Data Parallel Haskell
Data Parallel Haskell remains under very active development by Manuel Chakravarty, Gabriele Keller, Roman Leshchinskiy, and Simon Peyton Jones. The current state of play is documented on the wiki. We also wrote a substantial paper Harnessing the multicores: nested data parallelism in Haskell for FSTTCS 2008; you may find this paper a useful tutorial on the whole idea of nested data parallelism.

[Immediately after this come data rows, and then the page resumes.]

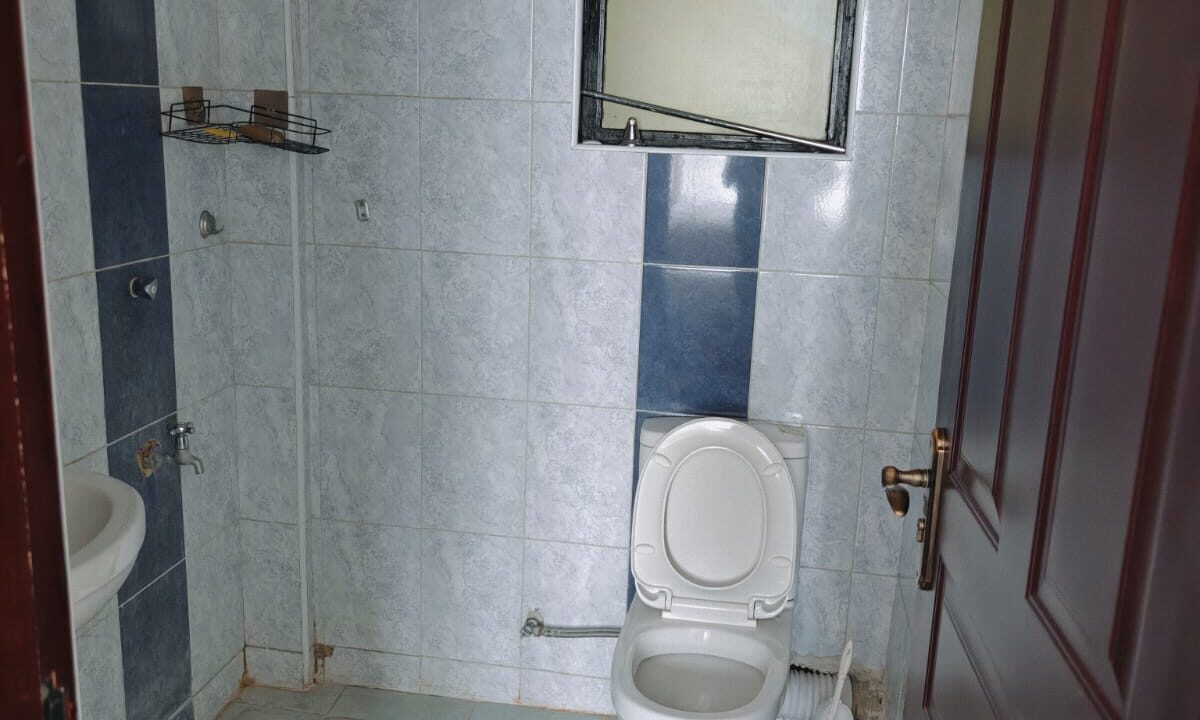 WhatsApp Image 2025-10-21 at 13.03.07 (1)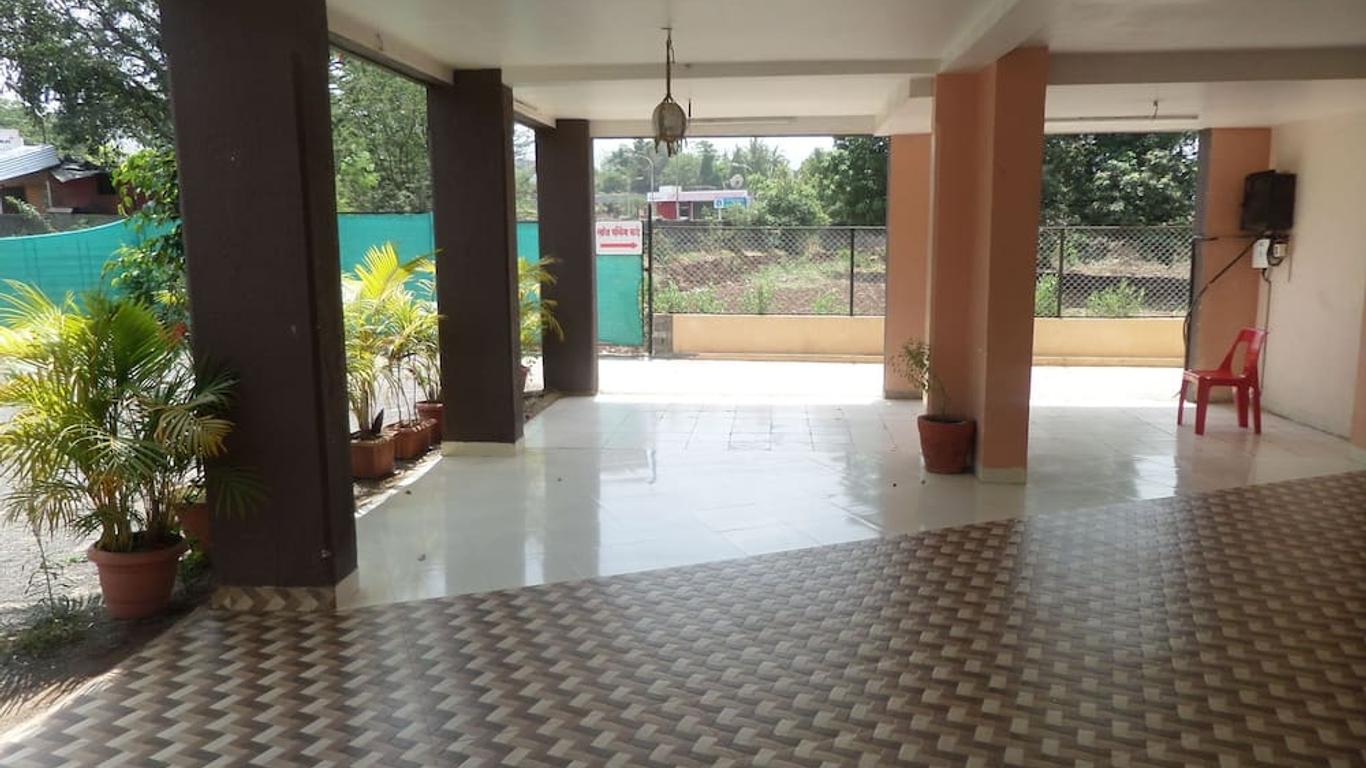 Hotel Ladli Lodging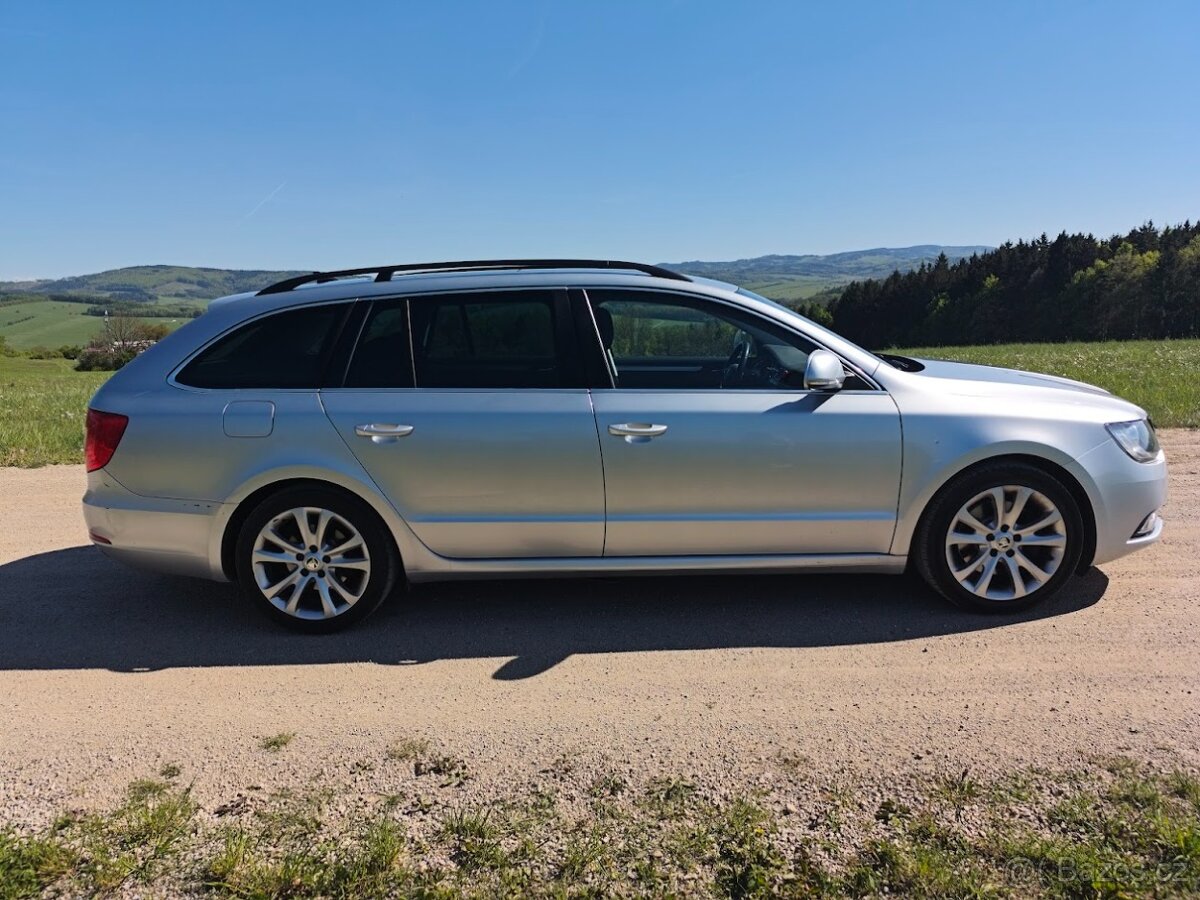 Superb 2 facelift - 2013 2.0 - 6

The system currently works well for small programs, such as computing a dot product or the product of a sparse matrix with a dense vector. For such applications, the generated code is as close to hand written C code as GHC's current code generator enables us to be (i.e., within a factor of 2 or 3). We ran three small benchmarks on an 8-core x86 server and on an 8-core UltraSPARC T2 server, from which we derived two comparative figures: a comparison between x86 and T2 on a memory-intensive benchmark (dot product) and a summary of the speedup of three benchmarks on x86 and T2. Overall, we achieved good absolute performance and good scalability on the hardware we tested.
Our next step is to scale the implementation up to properly handle larger programs. In particular, we are currently working on improving the interaction between vectorised code, the aggressively-inlined array library, and GHC's standard optimisation phases. The current main obstacle is excessively long compile times, due to a temporary code explosion during optimisation. Moreover, Gabriele started to work on integrating specialised support for regular multi-dimensional arrays into the existing framework for nested data parallelism.
Type system improvements
The whole area of GADTs, indexed type families, and associated types remains in a ferment of development. It's clear that type families are jolly useful: many people are using them even though they are only partially supported by GHC 6.10. (You might enjoy a programmers-eye-view tutorial Fun with type functions that Oleg, Ken, and Simon wrote in April 2009.)
But these new features have made the type inference engine pretty complicated, and Simon PJ, Manuel Chakravarty, Tom Schrijvers, Dimitrios Vytiniotis, and Martin Sulzmann have been busy thinking about ways to make type inference simpler and more uniform. Our ICFP'08 paper Type checking with open type functions was a first stab (which we subsequently managed to simplify quite a bit). Our new paper (to be presented at ICFP'09) Complete and decidable type inference for GADTs tackles a different part of the problem. And we are not done yet; for example, our new inference framework is designed to smoothly accommodate Dimitrios's work on FPH: First class polymorphism for Haskell (ICFP'08).
Max Bolingbroke has revised and simplified his Dynamically Loaded Plugins summer of code project, and we (continue to) plan to merge it into 6.12. Part of this is already merged: a new, modular system for user-defined '''annotations''', rather like Java or C# attributes. These attributes are persisted into interface files, can be examined and created by plugins, or by GHC API clients.
John Dias has continued work on rewriting GHC's backend. You can find an overview of the new architecture on the wiki. He and Norman and Simon wrote Dataflow optimisation made simple, a paper about the dataflow optimisation framework that the new back end embodies. Needless to say, the act of writing the paper has made us re-design the framework, so at the time of writing it still isn't on GHC's main compilation path. But it will be.
Shared Libraries, are inching ever closer to being completed. Duncan Coutts has taken up the reins and is pushing our shared library support towards a fully working state. This project is supported by the Industrial Haskell Group.
Unicode text I/O support is at the testing stage, and should be merged in in time for 6.12.1.